FIG. 4 shows a collagen hydrolase according to one embodiment of the present inventionRoTemperature stability profile of APA;

FIG. 5 shows a pair of different inhibitors according to one embodiment of the present inventionRoThe effect of APA catalytic activity;

FIG. 6 shows one of the solutions of the present inventionRoSDS-PAGE analysis of APA hydrolyzed collagen.

Detailed Description

The present invention is further described in detail below with reference to the attached drawings so that those skilled in the art can implement the invention by referring to the description text.

It will be understood that terms such as "having," "including," and "comprising," as used herein, do not preclude the presence or addition of one or more other elements or groups thereof.

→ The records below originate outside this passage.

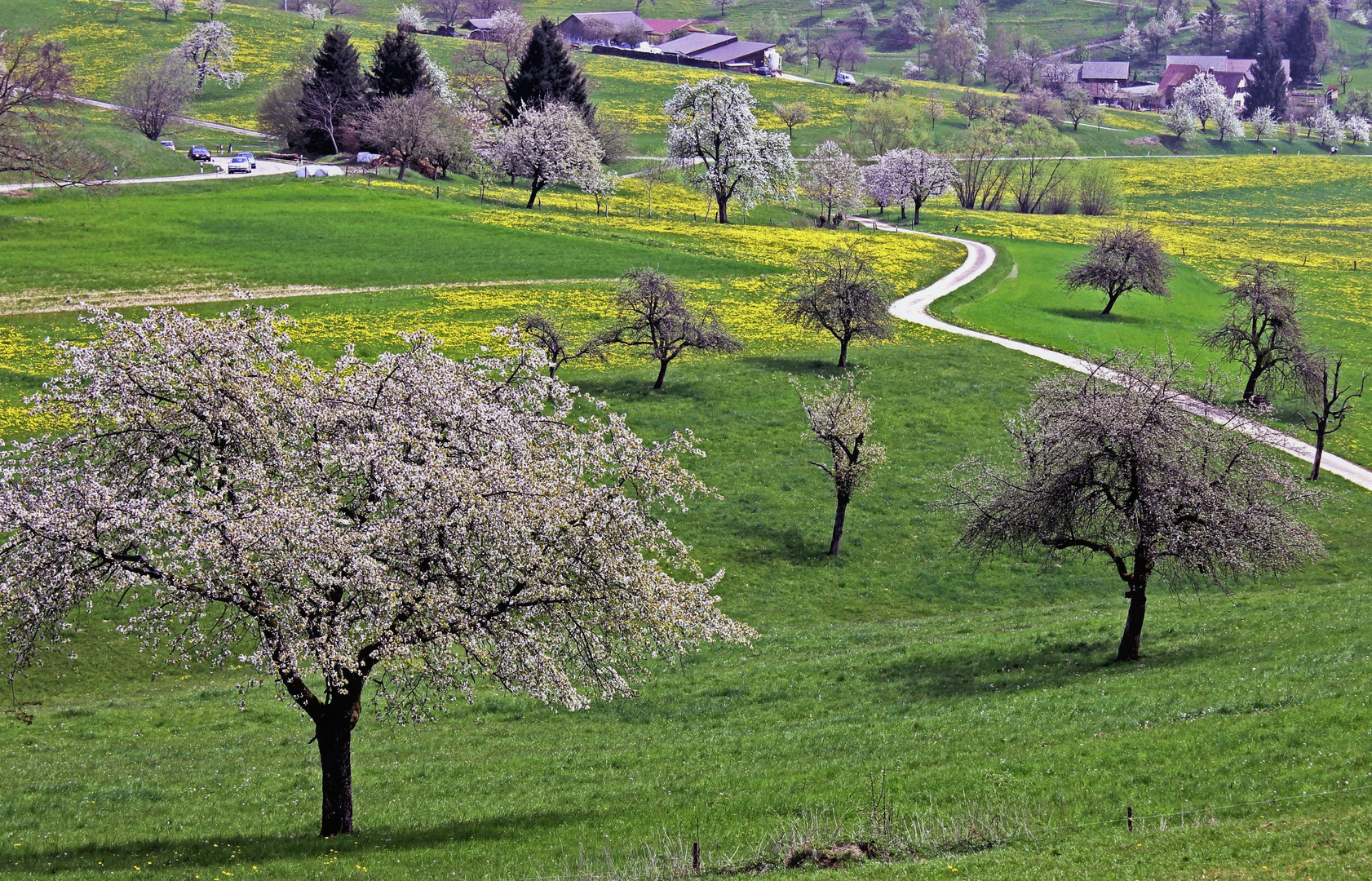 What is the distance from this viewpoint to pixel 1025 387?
65.6 meters

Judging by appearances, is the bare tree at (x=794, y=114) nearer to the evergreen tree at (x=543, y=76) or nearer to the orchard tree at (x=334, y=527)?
the evergreen tree at (x=543, y=76)

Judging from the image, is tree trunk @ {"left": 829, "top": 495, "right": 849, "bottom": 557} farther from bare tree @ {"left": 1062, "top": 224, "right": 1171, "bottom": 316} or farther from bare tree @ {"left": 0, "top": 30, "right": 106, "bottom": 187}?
bare tree @ {"left": 0, "top": 30, "right": 106, "bottom": 187}

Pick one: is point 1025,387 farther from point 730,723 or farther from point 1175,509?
point 730,723

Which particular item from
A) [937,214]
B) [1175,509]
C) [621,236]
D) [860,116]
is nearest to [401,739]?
[1175,509]

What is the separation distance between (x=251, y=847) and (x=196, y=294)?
187ft

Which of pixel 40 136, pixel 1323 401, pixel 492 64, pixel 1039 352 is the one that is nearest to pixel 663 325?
pixel 1039 352

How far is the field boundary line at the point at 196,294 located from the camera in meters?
63.5

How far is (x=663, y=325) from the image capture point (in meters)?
61.6

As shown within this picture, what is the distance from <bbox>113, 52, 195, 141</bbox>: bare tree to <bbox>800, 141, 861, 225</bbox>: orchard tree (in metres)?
74.7

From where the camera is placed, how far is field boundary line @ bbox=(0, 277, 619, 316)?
63469 mm

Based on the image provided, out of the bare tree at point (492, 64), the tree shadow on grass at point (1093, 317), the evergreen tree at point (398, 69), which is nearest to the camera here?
the tree shadow on grass at point (1093, 317)

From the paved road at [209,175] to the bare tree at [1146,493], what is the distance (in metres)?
83.3

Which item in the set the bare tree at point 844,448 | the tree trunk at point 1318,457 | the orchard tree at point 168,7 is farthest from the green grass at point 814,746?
the orchard tree at point 168,7

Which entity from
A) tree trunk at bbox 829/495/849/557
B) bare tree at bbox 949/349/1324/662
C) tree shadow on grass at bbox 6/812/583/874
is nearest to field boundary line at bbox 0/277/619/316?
tree trunk at bbox 829/495/849/557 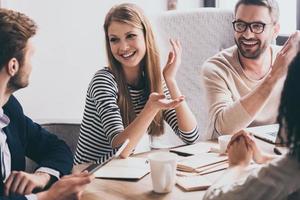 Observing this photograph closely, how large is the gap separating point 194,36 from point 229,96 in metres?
0.55

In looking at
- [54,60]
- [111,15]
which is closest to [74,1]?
[54,60]

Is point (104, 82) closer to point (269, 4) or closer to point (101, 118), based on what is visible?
point (101, 118)

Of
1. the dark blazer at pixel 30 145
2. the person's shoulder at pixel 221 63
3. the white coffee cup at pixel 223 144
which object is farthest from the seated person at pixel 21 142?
the person's shoulder at pixel 221 63

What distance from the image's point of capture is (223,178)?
3.77 ft

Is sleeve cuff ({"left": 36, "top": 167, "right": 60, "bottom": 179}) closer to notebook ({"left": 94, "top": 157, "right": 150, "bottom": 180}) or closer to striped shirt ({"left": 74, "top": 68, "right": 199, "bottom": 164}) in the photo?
notebook ({"left": 94, "top": 157, "right": 150, "bottom": 180})

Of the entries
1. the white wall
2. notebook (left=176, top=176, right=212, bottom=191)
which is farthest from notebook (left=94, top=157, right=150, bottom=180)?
the white wall

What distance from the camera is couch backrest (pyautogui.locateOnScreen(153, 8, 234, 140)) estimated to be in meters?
2.47

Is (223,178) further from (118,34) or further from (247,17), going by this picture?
(247,17)

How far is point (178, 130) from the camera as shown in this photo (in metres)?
1.95

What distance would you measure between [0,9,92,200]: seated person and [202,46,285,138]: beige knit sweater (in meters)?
0.65

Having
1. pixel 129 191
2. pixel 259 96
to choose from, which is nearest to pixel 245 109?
pixel 259 96

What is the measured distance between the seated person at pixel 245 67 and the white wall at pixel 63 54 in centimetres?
113

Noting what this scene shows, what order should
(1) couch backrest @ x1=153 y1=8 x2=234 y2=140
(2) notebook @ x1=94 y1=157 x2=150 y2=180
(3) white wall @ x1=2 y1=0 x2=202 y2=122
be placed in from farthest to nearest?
(3) white wall @ x1=2 y1=0 x2=202 y2=122, (1) couch backrest @ x1=153 y1=8 x2=234 y2=140, (2) notebook @ x1=94 y1=157 x2=150 y2=180

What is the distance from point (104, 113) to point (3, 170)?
0.47 m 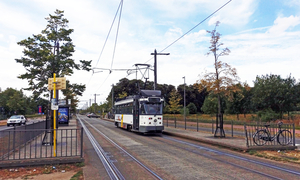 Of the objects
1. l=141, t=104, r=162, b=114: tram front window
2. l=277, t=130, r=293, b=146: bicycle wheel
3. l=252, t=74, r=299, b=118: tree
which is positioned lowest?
l=277, t=130, r=293, b=146: bicycle wheel

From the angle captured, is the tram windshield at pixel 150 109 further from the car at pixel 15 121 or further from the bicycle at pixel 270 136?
the car at pixel 15 121

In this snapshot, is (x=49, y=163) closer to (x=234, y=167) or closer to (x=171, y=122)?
(x=234, y=167)

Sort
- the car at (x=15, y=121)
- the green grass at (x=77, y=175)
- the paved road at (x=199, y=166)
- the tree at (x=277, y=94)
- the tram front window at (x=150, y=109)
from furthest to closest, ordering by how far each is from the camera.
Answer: the car at (x=15, y=121), the tree at (x=277, y=94), the tram front window at (x=150, y=109), the paved road at (x=199, y=166), the green grass at (x=77, y=175)

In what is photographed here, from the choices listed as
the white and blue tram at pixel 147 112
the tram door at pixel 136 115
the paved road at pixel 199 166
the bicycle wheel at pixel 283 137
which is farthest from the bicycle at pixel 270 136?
the tram door at pixel 136 115

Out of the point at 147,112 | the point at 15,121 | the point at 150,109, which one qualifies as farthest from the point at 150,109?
the point at 15,121

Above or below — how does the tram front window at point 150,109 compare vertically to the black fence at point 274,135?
above

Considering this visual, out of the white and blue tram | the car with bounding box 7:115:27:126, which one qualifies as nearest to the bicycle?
the white and blue tram

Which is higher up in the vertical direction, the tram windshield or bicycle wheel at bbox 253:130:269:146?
the tram windshield

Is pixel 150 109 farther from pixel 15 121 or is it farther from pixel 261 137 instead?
pixel 15 121

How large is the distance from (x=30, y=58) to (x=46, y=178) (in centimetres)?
909

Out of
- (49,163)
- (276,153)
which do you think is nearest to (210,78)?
(276,153)

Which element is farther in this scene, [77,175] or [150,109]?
[150,109]

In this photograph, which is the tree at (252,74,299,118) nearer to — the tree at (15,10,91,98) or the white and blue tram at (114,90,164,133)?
the white and blue tram at (114,90,164,133)

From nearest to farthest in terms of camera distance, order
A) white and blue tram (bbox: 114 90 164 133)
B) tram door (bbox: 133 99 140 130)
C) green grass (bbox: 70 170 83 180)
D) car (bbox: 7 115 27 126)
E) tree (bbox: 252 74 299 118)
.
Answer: green grass (bbox: 70 170 83 180)
white and blue tram (bbox: 114 90 164 133)
tram door (bbox: 133 99 140 130)
tree (bbox: 252 74 299 118)
car (bbox: 7 115 27 126)
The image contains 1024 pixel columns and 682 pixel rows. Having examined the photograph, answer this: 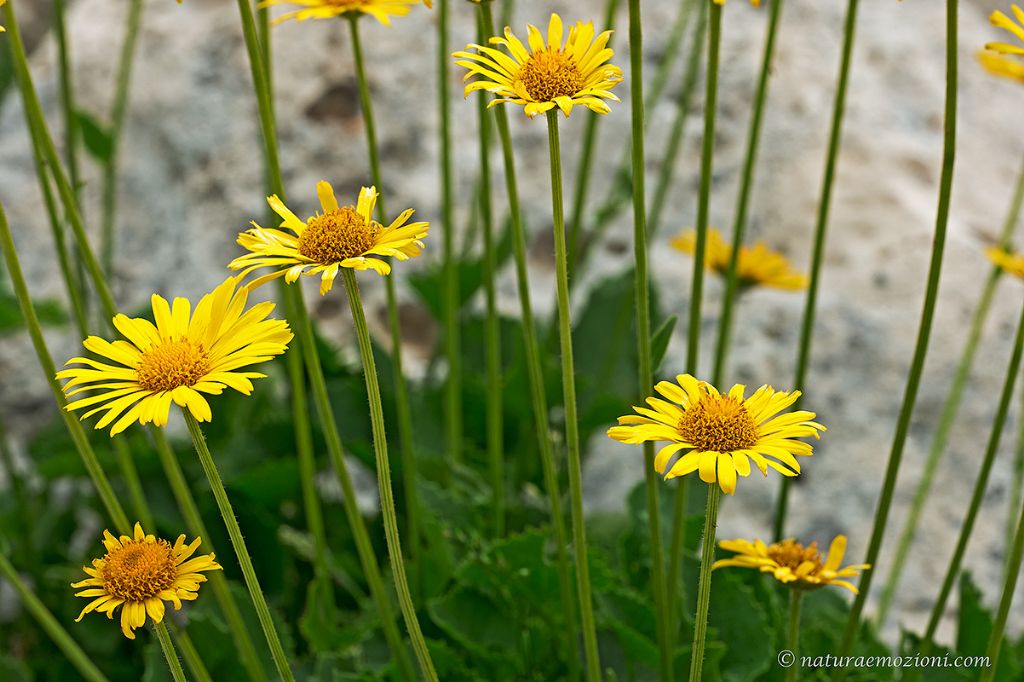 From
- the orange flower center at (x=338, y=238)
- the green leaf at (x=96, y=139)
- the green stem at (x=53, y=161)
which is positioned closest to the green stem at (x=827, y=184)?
the orange flower center at (x=338, y=238)

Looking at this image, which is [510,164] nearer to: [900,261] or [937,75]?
[900,261]

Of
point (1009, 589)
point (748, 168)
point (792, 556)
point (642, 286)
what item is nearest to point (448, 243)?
point (748, 168)

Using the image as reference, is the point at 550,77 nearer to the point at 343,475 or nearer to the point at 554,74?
the point at 554,74

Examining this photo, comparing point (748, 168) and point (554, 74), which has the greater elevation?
point (554, 74)

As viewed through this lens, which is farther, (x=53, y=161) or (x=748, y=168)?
(x=748, y=168)

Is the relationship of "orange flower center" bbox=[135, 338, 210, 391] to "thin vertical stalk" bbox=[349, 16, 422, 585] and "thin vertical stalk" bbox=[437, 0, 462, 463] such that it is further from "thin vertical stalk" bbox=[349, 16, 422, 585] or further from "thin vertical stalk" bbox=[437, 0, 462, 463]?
"thin vertical stalk" bbox=[437, 0, 462, 463] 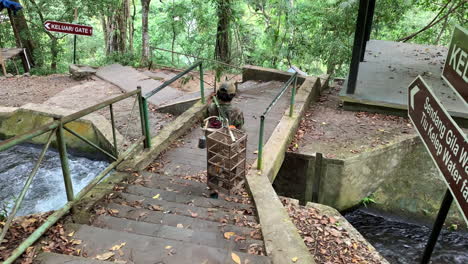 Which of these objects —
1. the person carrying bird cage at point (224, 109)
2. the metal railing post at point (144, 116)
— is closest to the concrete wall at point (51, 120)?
the metal railing post at point (144, 116)

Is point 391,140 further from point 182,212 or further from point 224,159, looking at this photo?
point 182,212

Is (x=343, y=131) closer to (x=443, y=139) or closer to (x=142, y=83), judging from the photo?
(x=443, y=139)

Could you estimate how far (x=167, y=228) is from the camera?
3.68 m

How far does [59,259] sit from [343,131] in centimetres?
584

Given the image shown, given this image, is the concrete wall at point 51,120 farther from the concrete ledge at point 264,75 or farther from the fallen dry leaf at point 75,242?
the concrete ledge at point 264,75

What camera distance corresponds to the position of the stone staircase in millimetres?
3100

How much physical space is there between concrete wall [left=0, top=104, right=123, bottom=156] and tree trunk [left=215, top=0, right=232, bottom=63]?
6.59 meters

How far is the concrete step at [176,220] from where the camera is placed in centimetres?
377

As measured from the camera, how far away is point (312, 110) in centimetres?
841

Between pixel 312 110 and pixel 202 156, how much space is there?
3608 mm

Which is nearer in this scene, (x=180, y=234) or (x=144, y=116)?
(x=180, y=234)

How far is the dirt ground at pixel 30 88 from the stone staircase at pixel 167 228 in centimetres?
610

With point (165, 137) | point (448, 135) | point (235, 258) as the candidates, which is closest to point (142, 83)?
point (165, 137)

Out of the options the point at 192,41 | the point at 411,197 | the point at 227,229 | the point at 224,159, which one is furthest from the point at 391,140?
the point at 192,41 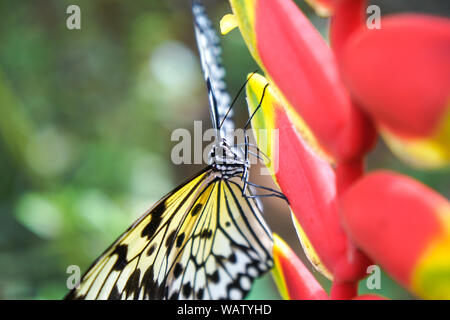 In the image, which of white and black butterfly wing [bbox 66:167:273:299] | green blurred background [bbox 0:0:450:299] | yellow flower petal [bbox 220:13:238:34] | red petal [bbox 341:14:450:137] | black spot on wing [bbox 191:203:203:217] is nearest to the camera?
red petal [bbox 341:14:450:137]

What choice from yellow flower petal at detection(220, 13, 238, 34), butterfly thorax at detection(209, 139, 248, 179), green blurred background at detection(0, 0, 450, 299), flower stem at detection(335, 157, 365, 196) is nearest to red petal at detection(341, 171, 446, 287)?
flower stem at detection(335, 157, 365, 196)

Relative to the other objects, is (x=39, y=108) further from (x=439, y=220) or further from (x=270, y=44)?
(x=439, y=220)

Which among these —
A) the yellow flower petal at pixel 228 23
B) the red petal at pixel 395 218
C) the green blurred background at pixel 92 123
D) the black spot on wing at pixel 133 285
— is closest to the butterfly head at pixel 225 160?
the black spot on wing at pixel 133 285

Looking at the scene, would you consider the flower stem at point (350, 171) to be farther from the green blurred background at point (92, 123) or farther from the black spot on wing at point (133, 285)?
the green blurred background at point (92, 123)

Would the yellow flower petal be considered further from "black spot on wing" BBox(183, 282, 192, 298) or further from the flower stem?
"black spot on wing" BBox(183, 282, 192, 298)

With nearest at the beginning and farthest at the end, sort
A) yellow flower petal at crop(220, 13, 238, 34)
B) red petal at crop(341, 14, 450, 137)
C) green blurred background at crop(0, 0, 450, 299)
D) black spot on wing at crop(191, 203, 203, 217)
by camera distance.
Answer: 1. red petal at crop(341, 14, 450, 137)
2. yellow flower petal at crop(220, 13, 238, 34)
3. black spot on wing at crop(191, 203, 203, 217)
4. green blurred background at crop(0, 0, 450, 299)

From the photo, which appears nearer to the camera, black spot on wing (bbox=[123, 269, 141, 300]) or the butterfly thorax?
black spot on wing (bbox=[123, 269, 141, 300])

Test materials and reagents

1. Bacterial strain and carrier: the host strain is rhizopus oryzae (A)Rhizopusoryzae) Can be obtained from China general microbiological culture Collection center (CGMCC) with the number of CGMCC 3.17463; the engineering strain for heterologous expression of protein is Pichia pastoris (A)Pichia pastorisGS115) purchased from bio-engineering (shanghai) gmbh, and pichia pastoris expression vector pPIC9 purchased from Invitrogen corporation;

2. enzymes and other biochemical reagents: the endonuclease was purchased from TaKaRa, the ligase was purchased from Invitrogen, and the others were made by domestic reagents (all available from Biochemical reagents);

3. e.coli culture medium: 1% yeast extract, 2% peptone, 1.34% YNB, 0.000049< Biotin, 1% glycerol (v/v);

4. BMGY medium; 1% yeast extract, 2% peptone, 1.34% YNB, 0.000049< Biotin, 1% glycerol (v/v).

5. BMMY medium: the components were identical to BMGY except that 0.5% methanol was used instead of glycerin, and the pH was 4.0.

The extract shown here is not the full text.